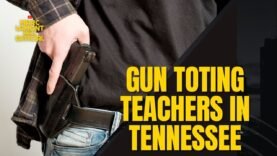 Teachers Allowed to Carry GUNS In Tennessee Schools!!!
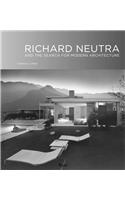 Richard Neutra: And the Search for Modern Architecture
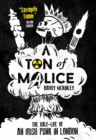Image for Ton of Malice: Half-life of an Irish Punk in London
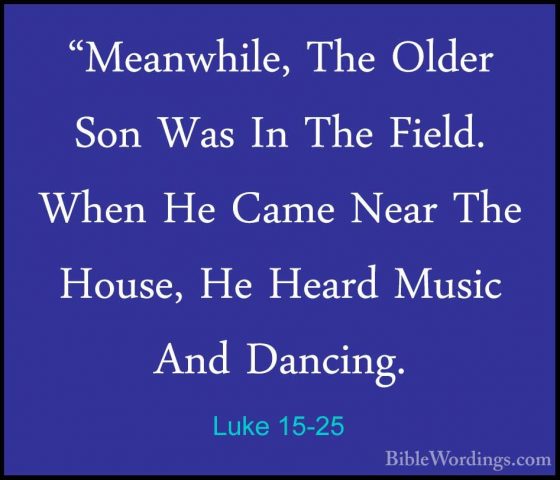 Luke 15-25 - "Meanwhile, The Older Son Was In The Field. When He"Meanwhile, The Older Son Was In The Field. When He Came Near The House, He Heard Music And Dancing. 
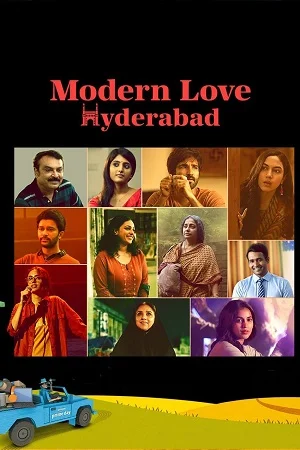 Download Modern Love: Hyderabad (Season 1) Dual Audio [Hindi + Telugu] Complete Web Series 480p | 720p WEB-DL –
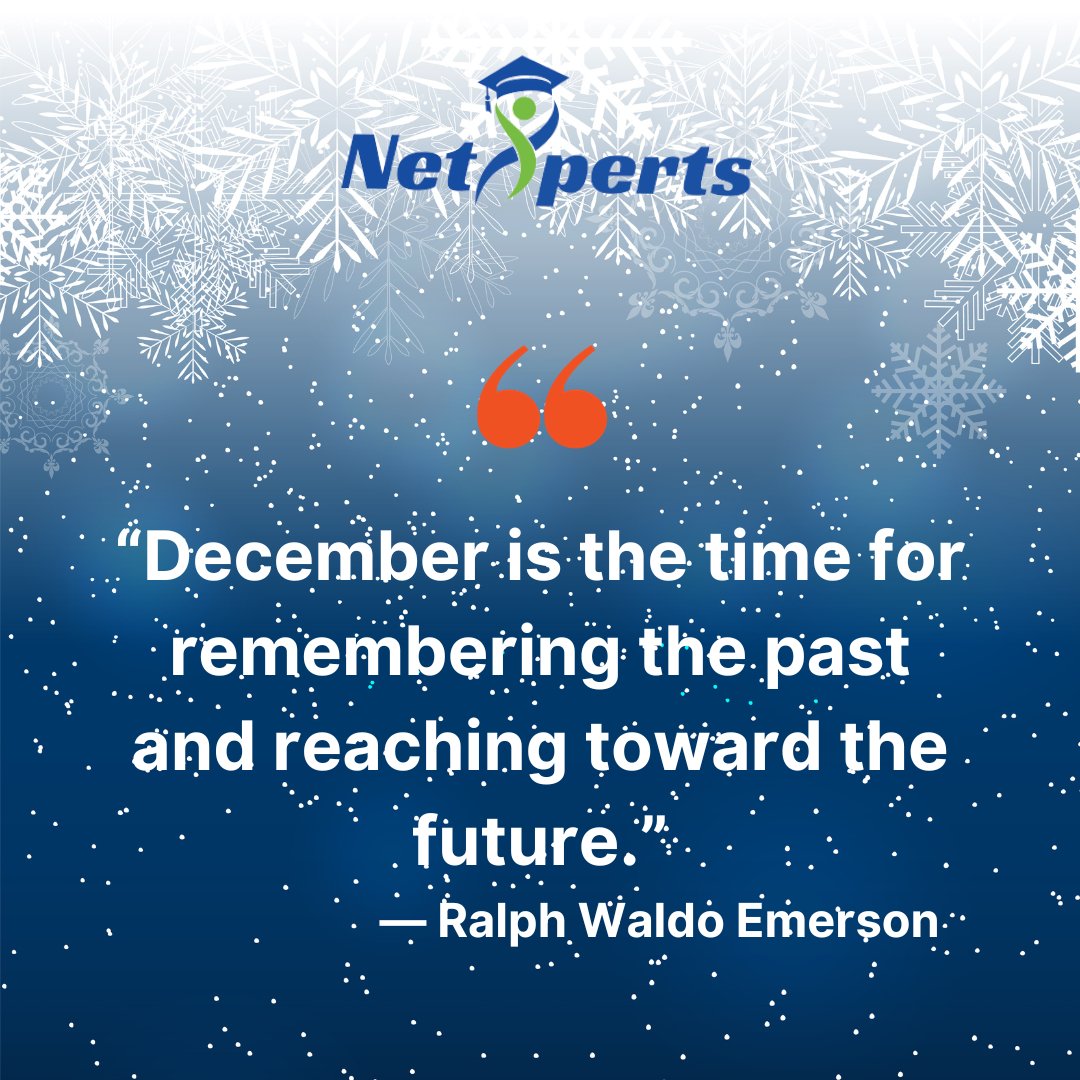 NetXperts_edu's tweet image. “December is the time for remembering the past and reaching toward the future.”
— Ralph Waldo Emerson
#quotes #motivationQuote #NetXperts #December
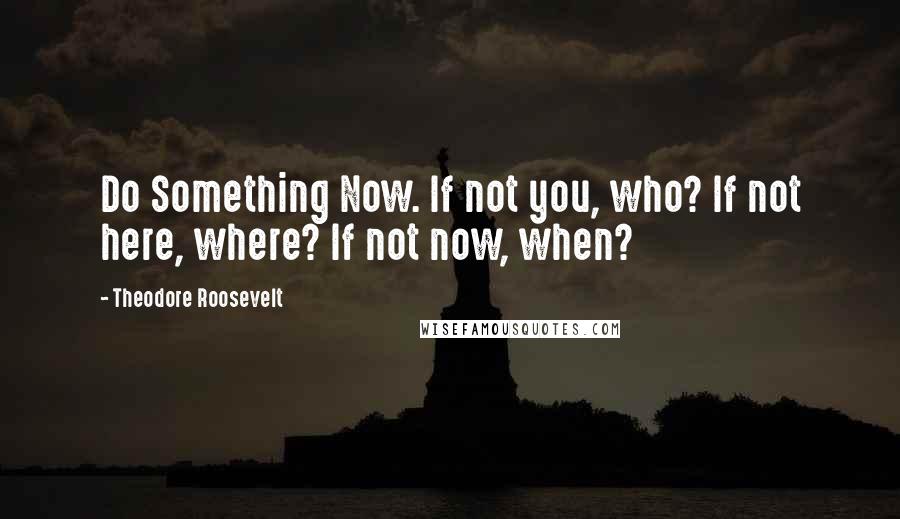 Theodore Roosevelt Quotes: Do Something Now. If not you, who? If not here, where? If not now, when?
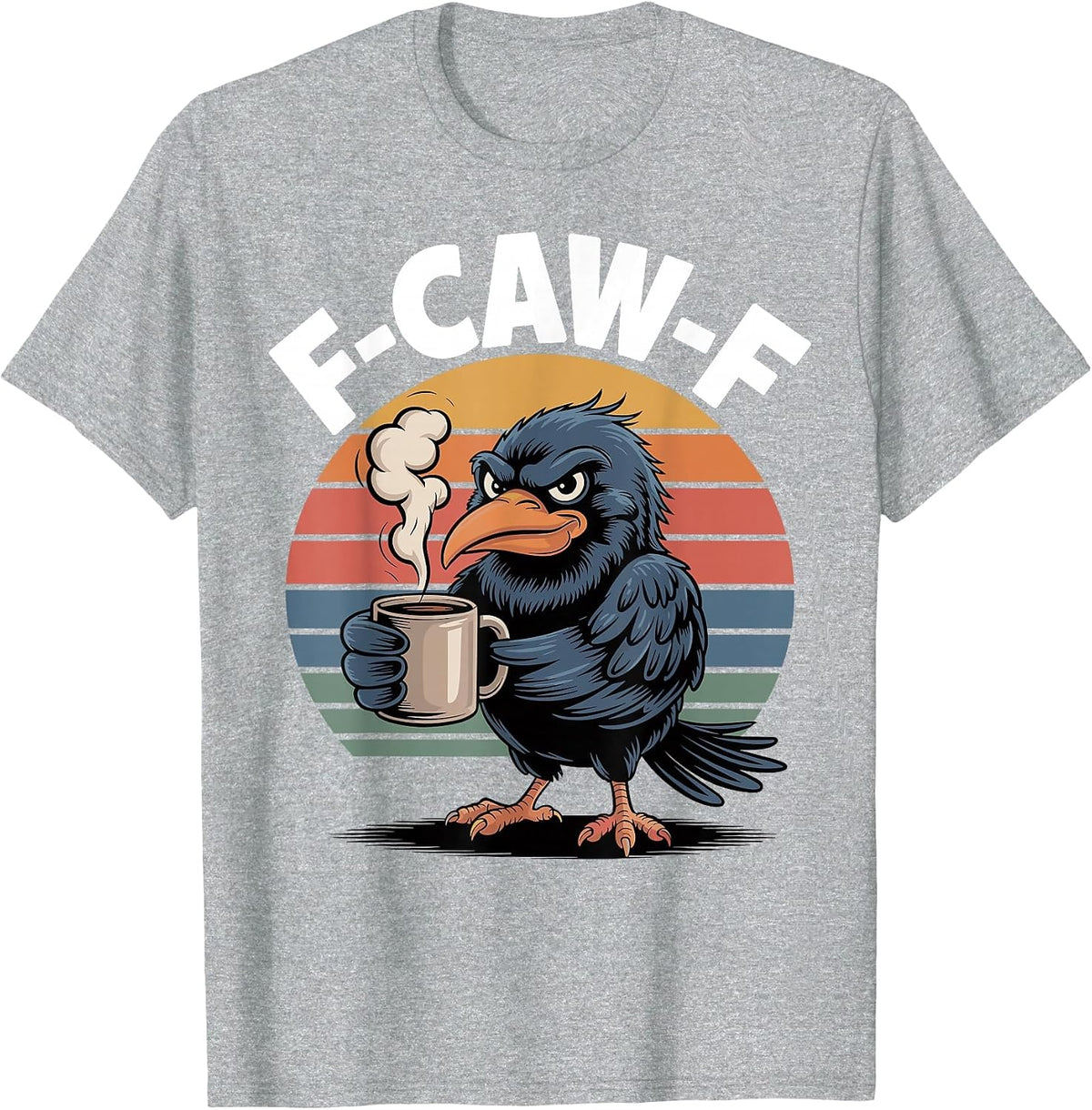 F-Caw-F Crow. Funny Fcawf Grumpy Bird Humor Retro T-Shirt - Heather Grey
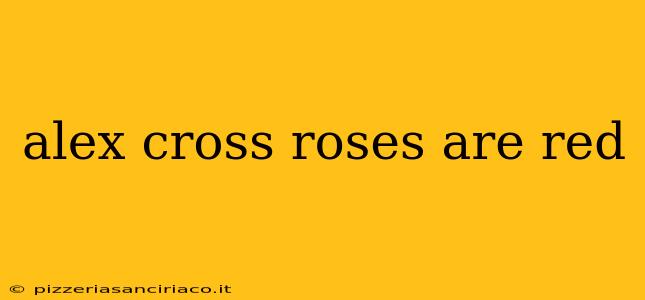 alex cross roses are red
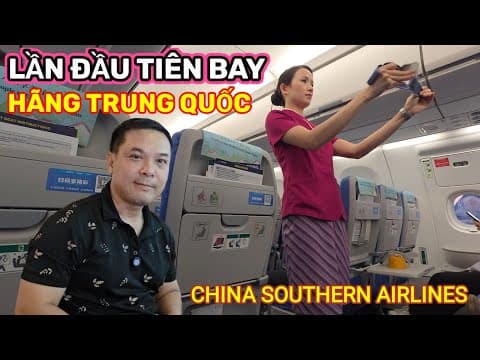 LẦN ĐẦU BAY HÃNG HÀNG KHÔNG TRUNG QUỐC CẢM GIÁC THẾ NÀO? || Nick Nguyen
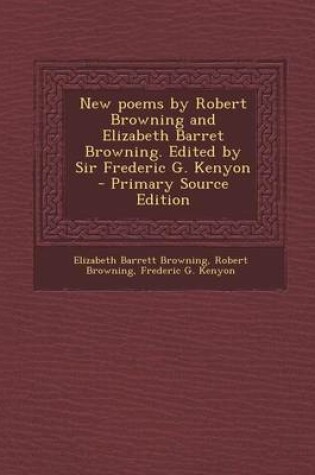 Cover of New Poems by Robert Browning and Elizabeth Barret Browning. Edited by Sir Frederic G. Kenyon - Primary Source Edition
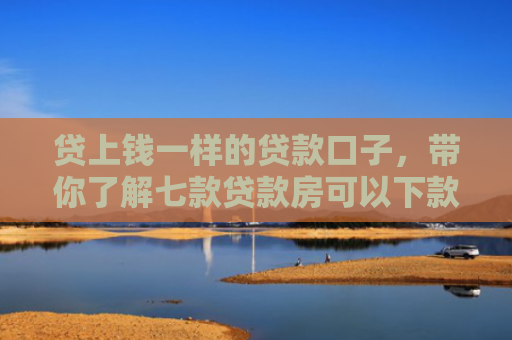 贷上钱一样的贷款口子，带你了解七款贷款房可以下款的口子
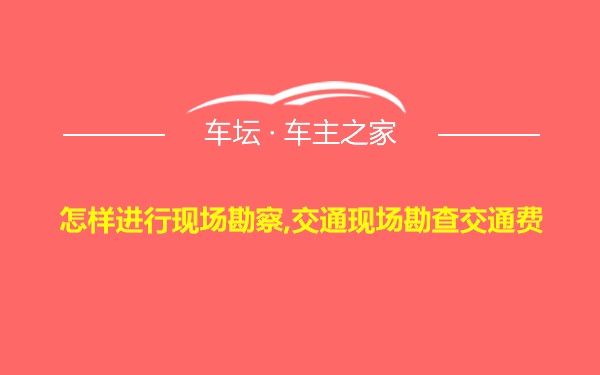 怎样进行现场勘察,交通现场勘查交通费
---
#### DIRECTIONS FOR THIS TASK:
The records, exactly as written but without images, should be returned.

#### RESPONSE AREA:
 Teachers Allowed to Carry GUNS In Tennessee Schools!!!
 Richard Neutra: And the Search for Modern Architecture
Image for Ton of Malice: Half-life of an Irish Punk in London
 Luke 15-25 - "Meanwhile, The Older Son Was In The Field. When He"Meanwhile, The Older Son Was In The Field. When He Came Near The House, He Heard Music And Dancing. 
 Download Modern Love: Hyderabad (Season 1) Dual Audio [Hindi + Telugu] Complete Web Series 480p | 720p WEB-DL –
 NetXperts_edu's tweet image. “December is the time for remembering the past and reaching toward the future.”
— Ralph Waldo Emerson
#quotes #motivationQuote #NetXperts #December
 Theodore Roosevelt Quotes: Do Something Now. If not you, who? If not here, where? If not now, when?
 F-Caw-F Crow. Funny Fcawf Grumpy Bird Humor Retro T-Shirt - Heather Grey
 alex cross roses are red
 LẦN ĐẦU BAY HÃNG HÀNG KHÔNG TRUNG QUỐC CẢM GIÁC THẾ NÀO? || Nick Nguyen
 Cover of New Poems by Robert Browning and Elizabeth Barret Browning. Edited by Sir Frederic G. Kenyon - Primary Source Edition
 贷上钱一样的贷款口子，带你了解七款贷款房可以下款的口子
 怎样进行现场勘察,交通现场勘查交通费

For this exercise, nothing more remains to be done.